Flexible blade design for wind and wave energy conversion
Many engineering devices are designed to operate optimally at a specific set of conditions, termed the "design point". As an unfortunate side effect of this design practice, wind turbine efficiency can drop drastically in varying wind loads, especially so when speeds fall outside the operational envelope. This project involves flexible blade design for wind turbines, wherein the blade acts as a passive pitch control mechanism, effectively adjusting its geometry in response to varying loading. This adaptability has proven to offer two major advantages over rigid blade designs: 1) higher efficiency, especially away from the design point, and 2) an increased operational envelope, allowing for greater energy capture especially in locations experiencing high wind variance.
Thermal Energy Storage
Electricity is produced mainly from power-plants operating at steady state. When demand spikes other means must be used to provide the additional supply with little notice, usually coming from the burning of fossil fuels at low efficiency. In hot climates, these spikes are often the result of air conditioners working to provide space cooling. Thermal Energy Storage (TES) is an effective strategy in these locations to save energy costs and decrease greenhouse gas emissions. This research involves design and analysis of ice TES systems, which can be used to create cooling storage at night using low cost electricity. This TES storage can later be used during high energy demand times, reducing operational costs and overall peak demand. We are also looking at using the same thermodynamic principles applied to Concentrated Solar Power (CSP) systems, where storage of high temperature thermal energy is essential for providing base electricity loads.

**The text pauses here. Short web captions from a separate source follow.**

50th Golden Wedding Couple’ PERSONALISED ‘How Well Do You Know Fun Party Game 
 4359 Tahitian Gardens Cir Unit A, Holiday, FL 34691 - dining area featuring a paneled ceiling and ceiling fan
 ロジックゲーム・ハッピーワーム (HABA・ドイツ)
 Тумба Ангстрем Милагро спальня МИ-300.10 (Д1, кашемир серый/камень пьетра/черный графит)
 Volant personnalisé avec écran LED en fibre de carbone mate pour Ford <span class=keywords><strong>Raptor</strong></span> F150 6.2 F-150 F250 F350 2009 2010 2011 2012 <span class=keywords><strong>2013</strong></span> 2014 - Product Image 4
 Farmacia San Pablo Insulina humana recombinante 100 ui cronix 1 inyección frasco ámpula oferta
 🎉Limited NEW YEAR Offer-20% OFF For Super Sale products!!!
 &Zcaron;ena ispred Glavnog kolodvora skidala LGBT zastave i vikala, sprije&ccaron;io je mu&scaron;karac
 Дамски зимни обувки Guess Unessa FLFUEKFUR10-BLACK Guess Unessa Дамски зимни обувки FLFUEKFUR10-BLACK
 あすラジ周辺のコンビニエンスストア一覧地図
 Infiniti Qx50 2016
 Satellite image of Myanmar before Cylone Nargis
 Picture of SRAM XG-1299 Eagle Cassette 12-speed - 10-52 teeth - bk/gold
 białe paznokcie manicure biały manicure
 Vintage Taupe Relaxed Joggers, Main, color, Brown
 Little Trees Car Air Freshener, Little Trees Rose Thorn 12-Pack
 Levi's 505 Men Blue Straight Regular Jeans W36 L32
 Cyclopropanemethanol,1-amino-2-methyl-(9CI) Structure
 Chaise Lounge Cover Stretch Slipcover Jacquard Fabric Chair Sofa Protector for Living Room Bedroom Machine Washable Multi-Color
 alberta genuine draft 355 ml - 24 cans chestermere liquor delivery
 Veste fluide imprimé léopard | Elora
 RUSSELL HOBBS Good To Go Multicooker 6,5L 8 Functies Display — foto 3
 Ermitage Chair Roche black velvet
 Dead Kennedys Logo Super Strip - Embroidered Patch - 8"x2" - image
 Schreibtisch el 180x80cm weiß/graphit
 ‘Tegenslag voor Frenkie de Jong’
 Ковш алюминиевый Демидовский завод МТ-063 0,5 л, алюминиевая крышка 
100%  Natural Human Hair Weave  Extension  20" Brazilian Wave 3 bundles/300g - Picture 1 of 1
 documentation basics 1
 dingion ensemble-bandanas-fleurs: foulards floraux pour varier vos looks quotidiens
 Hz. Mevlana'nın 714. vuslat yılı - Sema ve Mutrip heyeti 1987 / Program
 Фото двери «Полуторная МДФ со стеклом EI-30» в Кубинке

Computational Continuum Mechanics
Many problems of interest in engineering involve the interaction of fluids and solids. When simulating Fluid-Structure interaction (FSI) problems it is often convenient to segregate solvers, often leading to difficulty in coupling and/or convergence. This is due to the inherent strengths of the Finite-Volume (FV) method in fluid solvers and the Finite-Element (FE) method in solid solvers. This research involves employing and augmenting open-source codes to simulate problems of interest using both FE and FV methods for "mostly solid" and "mostly fluid" applications, respectively. Our main goal is reducing both design and computational costs when compared to commercially available codes.
We are also interested in all areas involving renewable and clean energy conversion, as well as various other topics in fluid and solid mechanics, thermodynamics, heat transfer and system optimization.